Extrajudicial executions
The slaying of Khatib came as Israeli politicians called for the execution of suspected Palestinian attackers following a wave of violence that began in late September last year.
Since that time, dozens of Palestinians, many of them children, have been shot dead during attacks and alleged attacks. Video footage of many of the incidents shows that lethal force was used against Palestinians when they posed no immediate, life-threatening danger.
In many instances, no Israelis were reported injured during attacks in which the alleged Palestinian assailant was shot dead.
Human rights groups have condemned Israel’s use of deadly force as a matter of first resort in such incidents, saying it amounts to an unofficial shoot-to-kill policy encouraged by Israel’s top leadership.
Earlier this year, Patrick Leahy, head of the US Senate Appropriations Subcommittee on Defense, urged the State Department to investigate alleged extrajudicial executions of Palestinians by Israeli forces and other “possible gross violations of human rights … that may have involved recipients, or potential recipients, of US military assistance.”
“Systemic flaw”
The Israeli justice ministry’s police investigation unit, known as Mahash, claimed that in the case of Mustafa Khatib, “no factual foundation was established suggesting a criminal offense on the part of any of the officers during the incident.”
The rights groups Adalah and Addameer point to a number of failures in the investigation, saying that it was incomplete, relied exclusively on materials provided by police and included no eyewitness statements, indicating “a basic systemic flaw in Mahash’s operations; the police have a clear conflict of interest and cannot be the body that investigates its own personnel (officers involved in the incident).”

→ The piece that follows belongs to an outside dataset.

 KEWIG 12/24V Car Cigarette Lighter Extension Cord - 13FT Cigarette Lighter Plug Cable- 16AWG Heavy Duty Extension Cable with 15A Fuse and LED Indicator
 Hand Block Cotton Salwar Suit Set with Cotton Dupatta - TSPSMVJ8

The Border Police combatants involved were not questioned by investigators, who were given a report written by police after the event – though the only report in the file sent to the Khatib family’s lawyers “did not even concern the incident in which Khatib was killed,” Haaretz reported. “It was about an incident that occurred two days earlier.”

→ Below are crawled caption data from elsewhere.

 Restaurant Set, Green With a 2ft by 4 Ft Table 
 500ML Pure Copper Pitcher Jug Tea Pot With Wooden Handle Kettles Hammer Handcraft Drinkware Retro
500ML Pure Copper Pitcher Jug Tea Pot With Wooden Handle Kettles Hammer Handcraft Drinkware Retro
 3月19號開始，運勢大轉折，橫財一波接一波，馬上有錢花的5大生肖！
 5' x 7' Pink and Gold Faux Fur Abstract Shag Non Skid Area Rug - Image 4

Moreover, Adalah and Addameer state, Khatib’s lawyers were provided no photographs of the knife which was allegedly used by Khatib against police, and photographs taken by police at the scene were not requested by Mahash.
“These circumstances, including the video [of the incident] reveal that the shooting of the deceased was unjustified – certainly in the manner it was carried out,” one of the rights groups states in the appeal.

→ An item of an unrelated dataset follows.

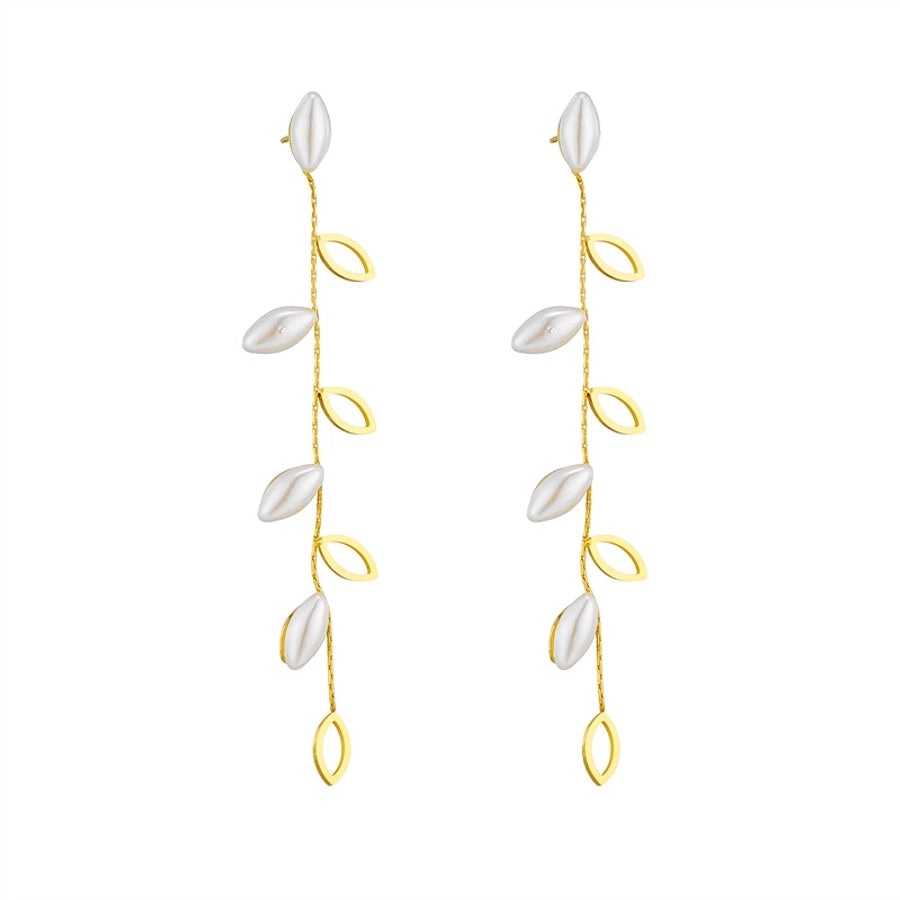 1 Pair Casual Simple Style Leaf Plating Titanium Steel Drop Earrings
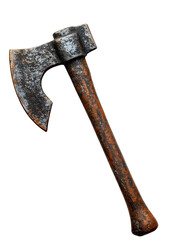 Rusted Iron Battle Axe on Clean White Background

“There exists a suspicion that the shooting was carried out in violation of police open-fire regulations and therefore constitutes a violation of the law. This suspicion obligates Mahash to conduct a serious and independent investigation, and not rely solely upon partial investigatory materials collected by police in the aftermath of the incident,” the group adds.
Impunity
The failure to investigate Khatib’s killing is hardly an anomaly.
“In the past 10 months, a number of requests have been submitted to the justice ministry about examining the rules concerning the shooting of assailants,” according to Haaretz. “But in all but one incident, the cases have been closed without the unit investigating and questioning the officers.”
The level of impunity afforded to Israel’s Border Police is the same as that enjoyed by its military.
Earlier this year, the Israeli rights group B’Tselem said that it would no longer cooperate with the army’s investigations into human rights violations in the West Bank and Gaza Strip.
“We will no longer aid a system that whitewashes investigations and serves as a fig leaf for the occupation,” the group’s director, Hagai El-Ad, stated.
Since late 2000, of the 739 cases raised by B’Tselem in which Palestinians were killed, injured or subjected to other abuses, only 25 led to charges against soldiers.